I am using several technological tools and environments in my teaching activities (advanced level courses). For example normal PC tools for document creation, management and monitoring learners’ progress. As e-learning environments, I am using Korppi, Optima, Koppa, Moodle, TIM, “Moniviestin” and Skype. I also prepare video lectures in Agora’s “tila-studio”. Email and Skype are very important for me in teaching, supervising and communicating with my learners and colleagues in Finland and abroad.

I have designed my web courses by means of many iterative steps based on my own experiences and learners’ feedback. Basically, I am applying pedagogical models such as project based learning and progressive inquiry in my web-based courses. My courses have clear and scheduled (phased) structure. My role, as I am calling myself, is serving as a supervising teacher.

Recorded audio feedback (RAF) is a new medium that I am excited in giving feedback for my learners and learner groups. I have done research on RAF at JYU and Keio University (Japan). My plan is to adopt RAF as a feedback medium.

“Are we introducing technology enough, is it correct to think that students already know…”. This is an excellent point. As I am working in the Faculty of Information Technology, I may expect too much. I also rely on that our learners are technologically-oriented. However, I introduce the tech tools in my introduction lecture, but I am expecting that learners have basic skills to use for example Korppi, Optima and e-books. If not, I will guide them to support services (IT support and library courses). My courses do not include “tech hype”, only basic tools. “How to work and learn with instructional technologies…” In JYU context, working and learning goes hand in hand. Almost in every academic year we have some new or updated system to use. Sometimes it takes a lot of time (+nerves) and sometimes it is fun.

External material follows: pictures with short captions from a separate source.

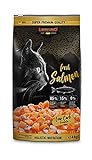 Leonardo Fresh Salmon & Poultry [4kg] Katzenfutter | Trockenfutter mit 85% Frischfleisch für Katzen | Alleinfuttermittel für ausgewachsene Katzen Aller Rassen ab 1 Jahr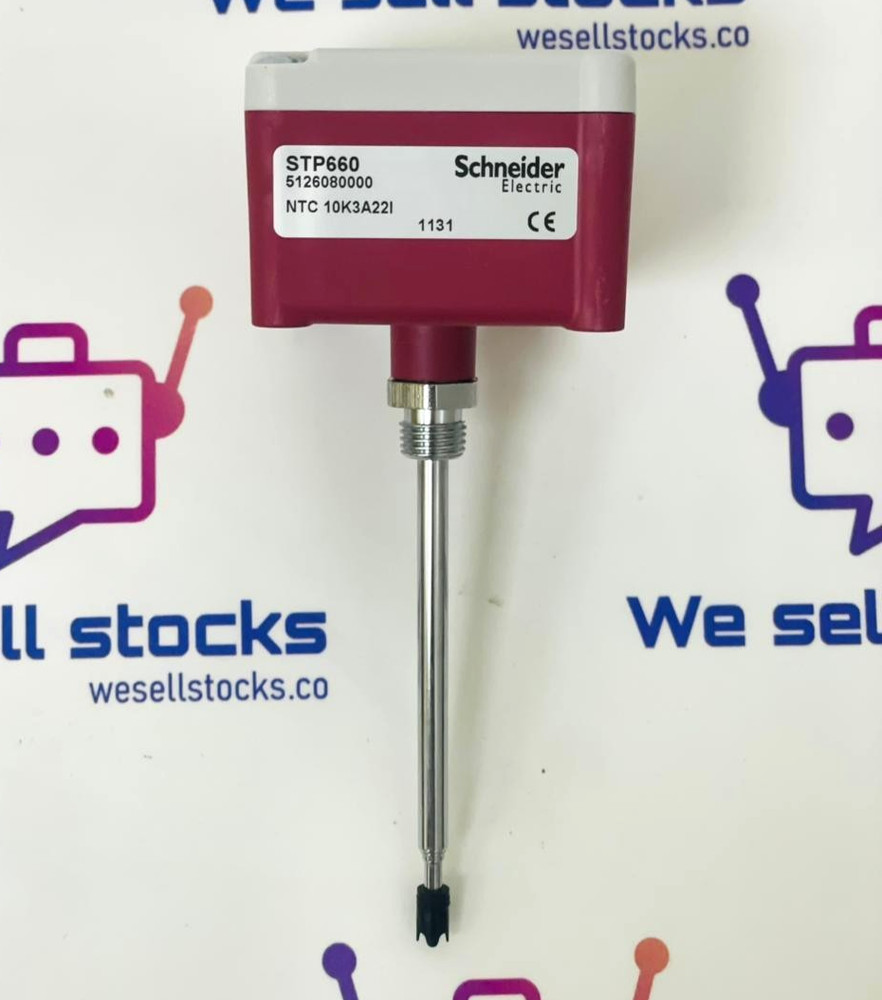 SCHNEIDER ELECTRIC STP660 Temperature Sensor 5126080000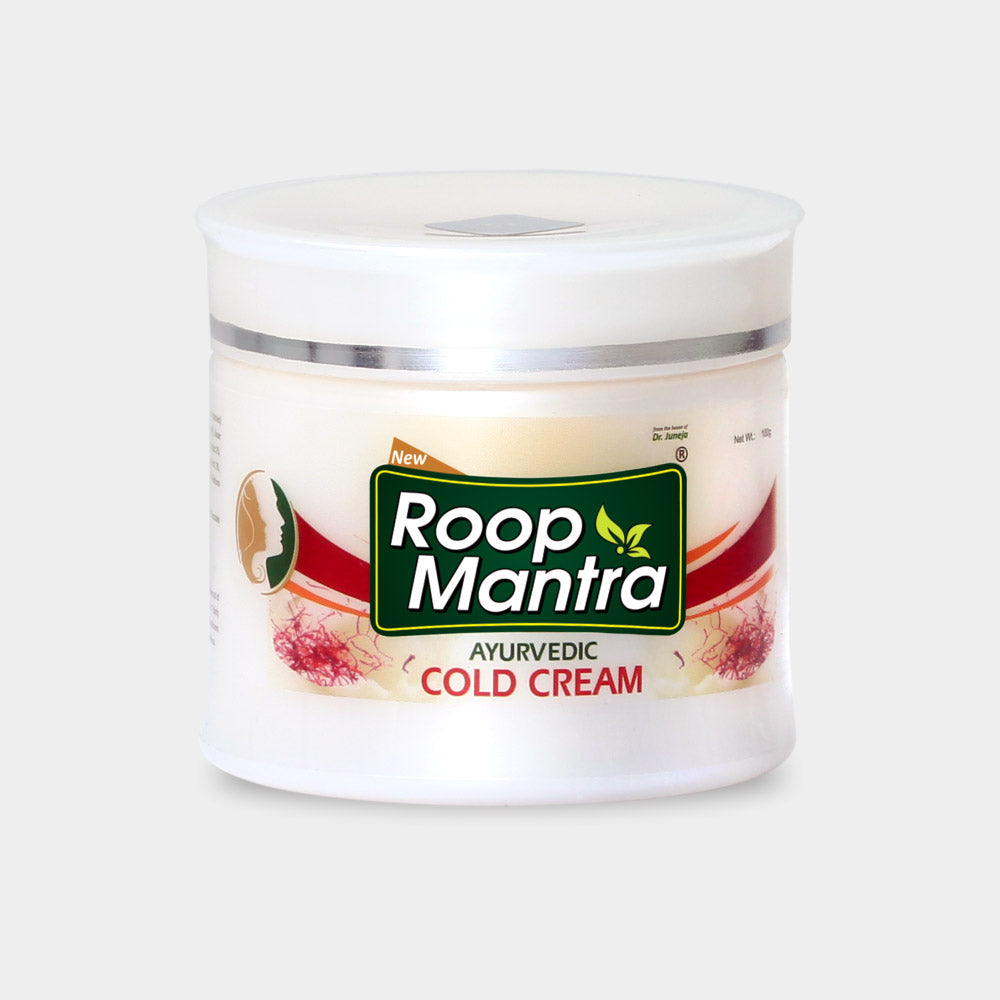 Roop Mantra Ayurvedic Cold Cream - 100g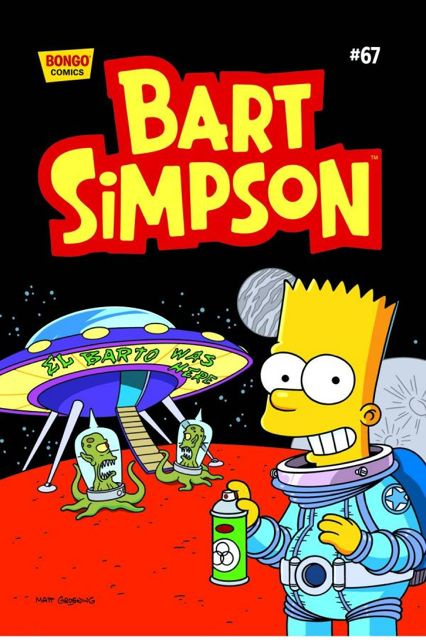 Bart Simpson Comics #67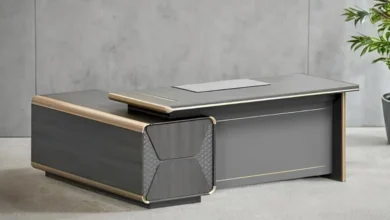 چطور یک میز مدیریت حرفه‌ای می‌تواند فضای کاری شما را تغییر دهد؟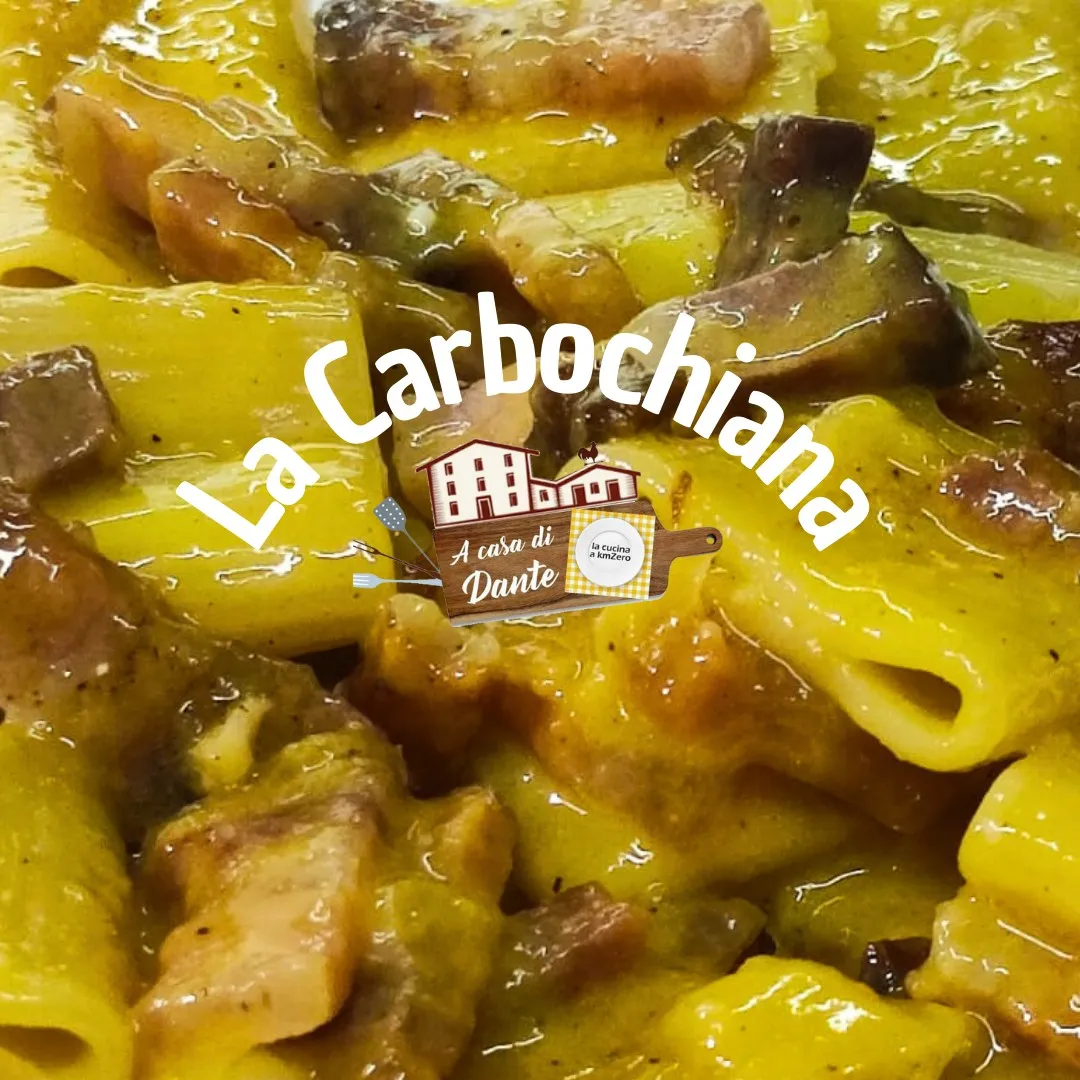 Carbochiana: la carbonara all'Aglione della Valdichiana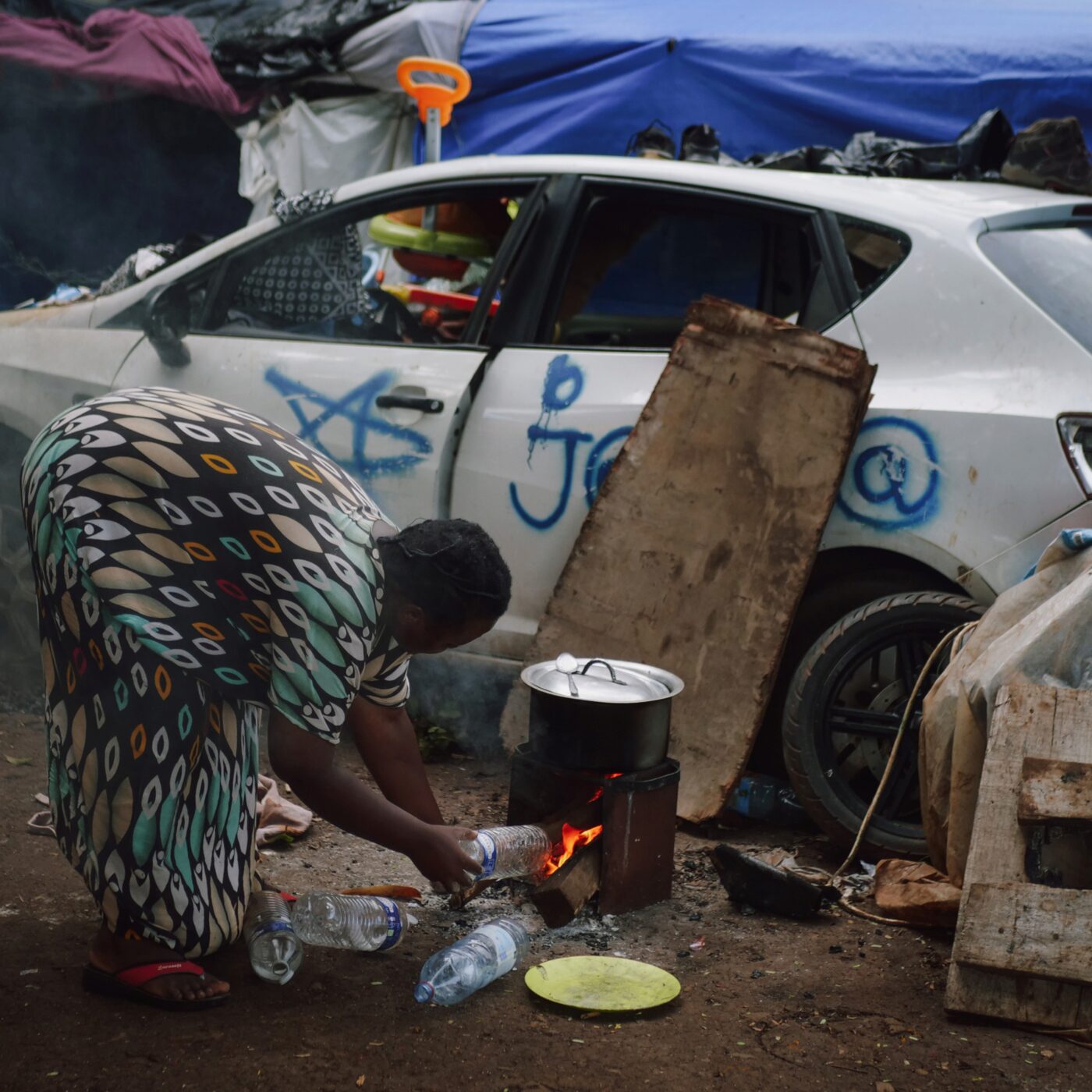 Mgr Charles Mahuza, vicaire apostolique de Mayotte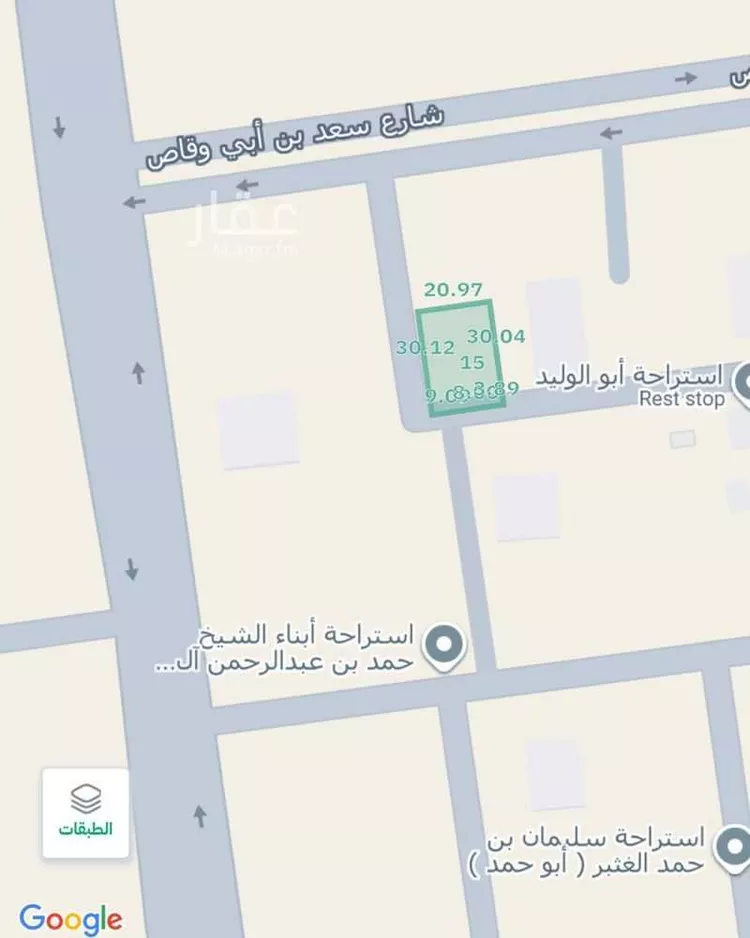 أرض للبيع في شارع الطفيل بن النعمان ، ثادق ، ثادق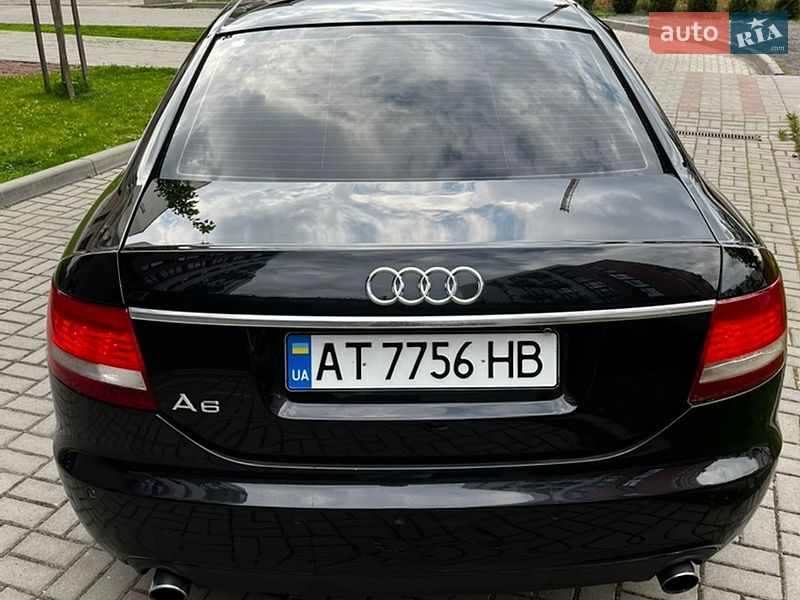 Седан Audi A6 2005 в Львове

About Henderson et al. article. It was interesting to read this. I think the article was mainly about digital tools and media in studying, not so much doing with learning or learning processes. I missed pedagogical context. However the article was well written and explained clearly how the study was done. Only one issue related to learning process was highlighted “seeing information in different ways”. According to the article some students described this as leading to deeper learning. For example visualization and demonstrations are very important in mathematical and natural sciences. In this context the article introduced – but not defined – the concept “digital pedagogy”. In Wikipedia ( : “Digital pedagogy is the study and use of contemporary digital technologies in teaching and learning. Digital pedagogy may be applied to online, hybrid, and face-to-face learning environments. In Digital Pedagogy Lab ( “Digital pedagogy is precisely not about using digital technologies for teaching and, rather, about approaching those tools from a critical pedagogical perspective. So, it is as much about using digital tools thoughtfully as it is about deciding when not to use digital tools, and about paying attention to the impact of digital tools on learning.” This sounds good :-).